**MATERIAL FOR THIS TASK**:
----------------

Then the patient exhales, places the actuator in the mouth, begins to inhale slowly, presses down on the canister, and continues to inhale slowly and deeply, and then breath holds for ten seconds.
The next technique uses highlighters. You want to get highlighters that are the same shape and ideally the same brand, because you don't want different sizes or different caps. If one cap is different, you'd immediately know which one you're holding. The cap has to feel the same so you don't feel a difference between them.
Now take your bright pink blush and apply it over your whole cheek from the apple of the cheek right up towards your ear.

----------------

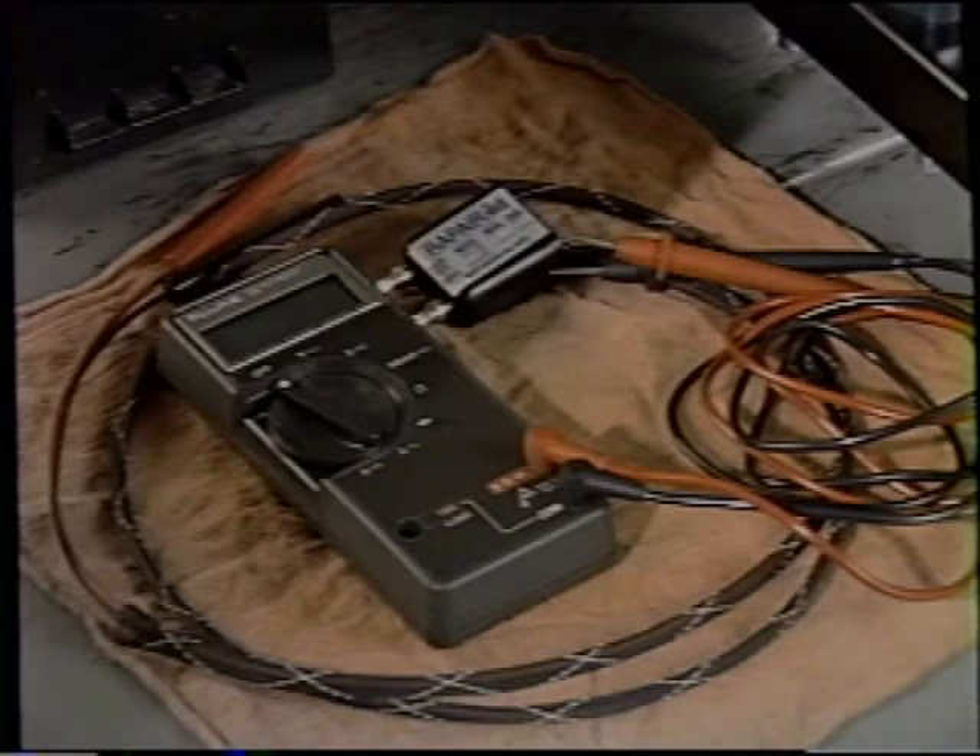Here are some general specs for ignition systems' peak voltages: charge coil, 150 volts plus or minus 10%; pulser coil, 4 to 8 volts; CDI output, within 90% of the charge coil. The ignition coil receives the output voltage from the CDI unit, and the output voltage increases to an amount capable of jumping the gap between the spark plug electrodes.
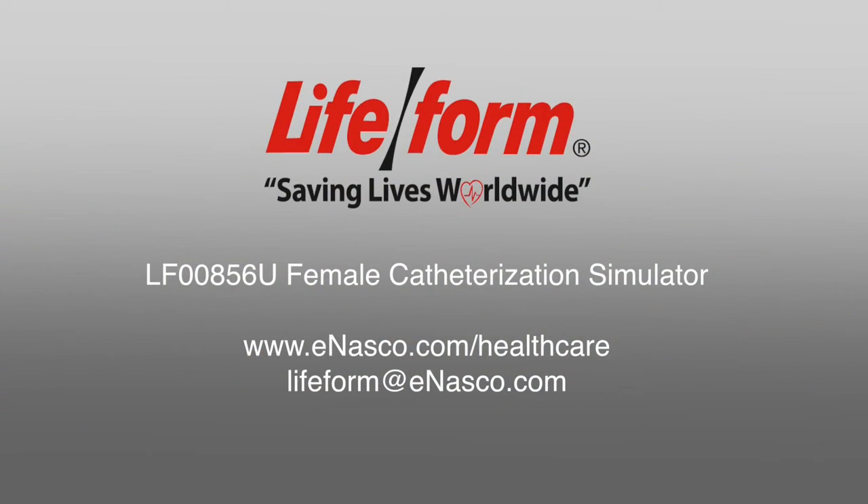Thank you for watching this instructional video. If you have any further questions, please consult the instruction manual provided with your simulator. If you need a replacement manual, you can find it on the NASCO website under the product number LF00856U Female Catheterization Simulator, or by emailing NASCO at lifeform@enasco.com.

----------------

**TASK TO CARRY OUT**: From the records above, extract exactly and only the lines that begin at the line with "The next technique" and stop after the line with "Now take your".

**REPLY**:
The next technique uses highlighters. You want to get highlighters that are the same shape and ideally the same brand, because you don't want different sizes or different caps. If one cap is different, you'd immediately know which one you're holding. The cap has to feel the same so you don't feel a difference between them.
Now take your bright pink blush and apply it over your whole cheek from the apple of the cheek right up towards your ear.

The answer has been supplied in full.